Я как можно протокольней передал содержание сна, избегая упоминать Алису по имени и называя её Прекрасной Девой. Всё же и такой рассказ произвёл нужное впечатление. Наместник слушал, и глаза его весело круглились.
— Чин, говоришь, обещал баран-то тебе дать, от Небесного Отца? — поинтересовался он под конец.
— Да, — сухо подтвердил я.
— Отец Никодим! Коля! Ты что курил, а?
Я только поморщился.
— Сам-то как считаешь про это?
— Считаю, что бесы, и нижайше прошу о схиме, отец Александр.
— Ну етить же твою налево! — шумно воскликнул отец игумен. — Один у меня поп был нормальный, да и тот с катушек съехал. Совсем съехал или ещё ничего? Могёшь соображать самую малость? Потому что я тебе вот что скажу: отец Вонифатий скоро на покой пойдёт. Кого мне благочинным делать?
— Не меня же?
— Ну, ежели ты совсем уже бараном стал, то баранов во благочинные не ставят, конечно!

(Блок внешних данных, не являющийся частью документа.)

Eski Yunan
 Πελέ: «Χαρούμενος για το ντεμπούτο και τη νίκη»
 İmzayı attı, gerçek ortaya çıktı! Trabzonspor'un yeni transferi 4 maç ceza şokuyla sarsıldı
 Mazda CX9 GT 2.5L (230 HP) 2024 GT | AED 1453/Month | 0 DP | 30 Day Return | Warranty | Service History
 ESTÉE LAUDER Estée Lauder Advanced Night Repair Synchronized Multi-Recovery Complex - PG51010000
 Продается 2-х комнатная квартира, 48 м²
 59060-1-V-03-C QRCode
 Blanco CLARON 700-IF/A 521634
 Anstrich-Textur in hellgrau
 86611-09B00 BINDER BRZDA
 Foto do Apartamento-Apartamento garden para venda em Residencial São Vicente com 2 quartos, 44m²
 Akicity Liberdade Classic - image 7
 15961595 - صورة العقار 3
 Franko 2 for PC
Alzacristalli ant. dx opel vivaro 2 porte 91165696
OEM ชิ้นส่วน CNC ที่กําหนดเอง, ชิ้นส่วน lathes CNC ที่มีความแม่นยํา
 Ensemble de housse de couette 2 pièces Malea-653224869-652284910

А только если тебя в схиму постричь, то сам понимаешь, что схимник — это говно-администратор. — Отец игумен выжидающе замолчал. И я помалкивал.
— Так и будем в молчанку играть?! — крикнул отец Александр, осердившись. — Ты подумай: зачем нам схимник? Есть у нас уже один... блаженный! Добро бы ты действительно на воздусех парил! А ты на старца не тянешь, Коля, не тянешь! Что думаешь своей башкой: старцам-то бесы снятся или нет?
— Окончательно отказываете, отче?
Отец игумен внезапно сник. Запустил пятерню в бороду.
— Я не отказываю, — сказал он неожиданно спокойно. — Не отказываю, а размышляю. Схима есть подвиг и венец жизни иноческой, а ты, Ассизиенсис, не больно того... готов к венцу-то. А я тебе сейчас... послушание дам. Поедешь к родственнице моей в Рославль и примешь у неё исповедь. Вот тебе, — он размашисто накалякал номер на листе, протянул мне, — телефон. Скажешь ещё по телефону, что отец Александр кланяется и конверт посылает.
Я даже рот раскрыл: до того неожиданно это было.
— Когда нужно ехать, отец игумен? — собрался я.
— Да хоть сегодня бери да поезжай, ежели тебе горит.
— Мне горит?!
— Мне, что ли? Ты что это, пререкаться со мной вздумал? Поди уже вон отсюда, мистик хренов, схимник пальцем деланный! Слышь! Ты не уходи, я тебя спросить хочу! Если в схиму пострижём, три варианта имени есть для тебя! Епафродит, Епихарий или Павсикакий! Епафродитом будешь?
— Как прикажете, отец Александр, — равнодушно отозвался я.
— Мавродий вот тоже ничего имечко, — продолжал он посмеиваться, — Или Пелагей. Гей-гей-Пелагей!
— Как прикажете, — повторил я.
— Марш отсюда, Епафродит! — прикрикнул отец наместник. — В смирении упражняешься? Доупражняешься, что по шее тебе тресну кулаком, не посмотрю, что ты духовное лицо!